At least 50 University of Chicago student organizers and other community members rallied in front of the university president’s house Saturday afternoon before marching on the South Side as part of ongoing efforts to persuade university leaders to defund, and eventually abolish, the school’s private police force.

Standing along East 59th Street at South University Avenue about 3:30 p.m., Madeline Wright, a student organizer, told members of the crowd to look at fellow students to their left and right.

“Those are who keeps you safe,” Wright said through a megaphone. “We keep us safe. We’re going to fight to abolish this (expletive) system, not reform it, because it’s doing exactly what it’s intended to do. And we’re also going to focus on transforming our communities to serve people, to serve us.”

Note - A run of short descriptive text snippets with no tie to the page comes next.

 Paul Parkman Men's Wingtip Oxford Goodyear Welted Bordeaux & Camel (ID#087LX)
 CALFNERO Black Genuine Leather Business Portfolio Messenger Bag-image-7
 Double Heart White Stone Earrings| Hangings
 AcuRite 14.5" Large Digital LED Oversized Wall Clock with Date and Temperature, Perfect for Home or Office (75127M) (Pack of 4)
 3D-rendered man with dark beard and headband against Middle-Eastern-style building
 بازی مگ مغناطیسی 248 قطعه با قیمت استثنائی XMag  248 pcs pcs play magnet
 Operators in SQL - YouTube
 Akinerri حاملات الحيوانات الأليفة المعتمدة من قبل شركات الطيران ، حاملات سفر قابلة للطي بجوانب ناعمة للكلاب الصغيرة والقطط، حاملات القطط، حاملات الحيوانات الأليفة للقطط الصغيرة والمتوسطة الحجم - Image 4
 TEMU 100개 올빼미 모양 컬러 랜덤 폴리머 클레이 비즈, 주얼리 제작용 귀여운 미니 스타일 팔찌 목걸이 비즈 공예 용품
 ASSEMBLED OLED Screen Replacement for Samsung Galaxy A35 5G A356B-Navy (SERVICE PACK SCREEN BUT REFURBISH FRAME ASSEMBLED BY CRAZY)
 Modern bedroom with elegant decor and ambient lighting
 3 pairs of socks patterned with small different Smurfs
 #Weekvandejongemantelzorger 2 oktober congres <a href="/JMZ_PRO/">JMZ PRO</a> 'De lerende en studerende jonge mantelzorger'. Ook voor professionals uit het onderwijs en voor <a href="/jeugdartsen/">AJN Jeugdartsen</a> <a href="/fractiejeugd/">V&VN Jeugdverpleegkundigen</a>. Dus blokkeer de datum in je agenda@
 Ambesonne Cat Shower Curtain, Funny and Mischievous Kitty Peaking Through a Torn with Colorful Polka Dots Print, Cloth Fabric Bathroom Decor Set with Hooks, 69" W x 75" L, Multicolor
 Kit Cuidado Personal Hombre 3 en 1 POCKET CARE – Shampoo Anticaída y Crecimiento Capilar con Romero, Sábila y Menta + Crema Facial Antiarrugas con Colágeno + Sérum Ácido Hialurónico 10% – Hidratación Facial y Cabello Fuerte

Those rallying demanded school leaders disclose the university’s police budget — and then cut it in half. The student group additionally wants the university to disband its police force by 2022 and redistribute the remaining funding to support students of color and ethnic studies.

When asked for comment, a university spokesman referred to an Aug. 12 message from President Robert Zimmer and Provost Ka Yee Lee, who said they believe it’s necessary to examine public safety and how policing can be improved.

The message also said, “The University of Chicago Police Department (UCPD) provides a vital service in helping to keep safe and support our campus and surrounding communities – a mission that the University has undertaken with the encouragement of community leaders and in accordance with Chicago City Ordinance. That role will continue.”

Members of student groups UChicago United and Care Not Cops as well as the activist organizations Black Lives Matter Chicago and Good Kids Mad City were at the protest.

“I’m angry because the University of Chicago, you know, the one that loves buzzwords like diversity and inclusion, that puts Black kids on their postcards, is the same university that owns and operates one of the largest private police forces in the country,” Wright said.

The crowd shouted back, “That ain’t right.”

Chioma Nwoye agreed that the university has not lived up to its promises to confront racism.

“As a Black student, I would say UCPD doesn’t make me feel safe at all,” Nwoye said. “What makes me feel safe is my sense of community that I’ve built here with other students of color, with other organizers.”

Speakers pointed to the 2018 shooting of fourth-year student Charles Thomas as an example of school police failing to protect the community. Thomas was in the midst of a mental health crisis in the 5300 block of South Kimbark Avenue when a university officer fired a shot and wounded his shoulder as he advanced with a stake in his hand, officials have said.

Alicia Hurtado, another student organizer, said university police also racially profiled Black students and neighbors and upheld what she said was the university’s history of gentrifying Hyde Park and surrounding neighborhoods.

“While some may say we need the University of Chicago Police Department to keep us safe … they’re not,” Hurtado said. “Safety shouldn’t come at the expense of another person and of another group. And we’re here as students to demand of our university to do the right thing.”